22. Preço este, cobrado pela PT, que é orientado para os custos, em conformidade com a deliberação da ANACOM de 26 de Maio de 2006 (hppt://www.anacom.pt/template31.jsp?categoryld=193402). 



§ 3.º
Análise das questões controvertidas



EDP



23. A EDP tem o direito de solicitar a constituição de servidões sobre terrenos privados necessários ao estabelecimento das partes integrantes da rede eléctrica de serviço público, após aprovação dos projectos (artigo 12.º, n.º 3, alínea c), do Decreto-Lei n.º 29/2006, de 15 de Fevereiro) (4).


24. Trata-se de uma restrição ao direito de propriedade justificada pela satisfação da utilidade pública.


25. Isto, sem prejuízo do direito que assiste aos proprietários dos terrenos utilizados para o estabelecimento de linhas eléctricas, a serem indemnizados pela concessionária, por redução de rendimento, diminuição da área da propriedade ou quaisquer prejuízos provenientes da construção das linhas (artigo 37.º do Decreto-Lei n.º 43.335, de 19 de Novembro de 1960).


26. Confirma a EDP autorizar a utilização de apoios das suas redes a empresas privadas, para nelas colocarem as suas infra-estruturas.


27. Porém, de acordo com os esclarecimentos prestados, a utilização de terrenos privados – ao que parece pouco frequente – é precedida do consentimento dos respectivos proprietários. Ora, havendo um acordo prévio, parece-me que as questões suscitadas pelo reclamante encontram resposta adequada.

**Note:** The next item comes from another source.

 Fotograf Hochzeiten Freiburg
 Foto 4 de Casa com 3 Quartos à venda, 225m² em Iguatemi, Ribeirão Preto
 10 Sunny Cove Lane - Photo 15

28. Acresce que a EDP contesta que obtenha elevados lucros nestas situações, explicando que as condições financeiras acordadas com os operadores constituem uma mera contrapartida pelos encargos associados à utilização de infra-estruturas.





b. PT



29. A PT, enquanto concessionária do serviço público de telecomunicações deve disponibilizar, por acordo, às empresas que fornecem redes e serviços de telecomunicações acessíveis ao público o acesso a condutas, postes e outras instalações e locais de que seja proprietária ou cuja gestão lhe incumba, para instalação ou manutenção dos seus sistemas, equipamentos e demais recursos.


30. Trata-se de uma imposição legal, num contexto de liberalização do mercado europeu de telecomunicações (5).


31. Isto, porque as entidades que oferecem redes e serviços de comunicações electrónicas acessíveis ao público, que quisessem expandir a sua actividade, deparavam-se com dificuldades em replicar o investimento em condutas, de modo economicamente ineficiente.


32. O acesso às infra-estruturas da concessionária, além de racionalizar os meios já existentes, constitui um modo de reduzir o impacte ambiental na construção de novas infra-estruturas.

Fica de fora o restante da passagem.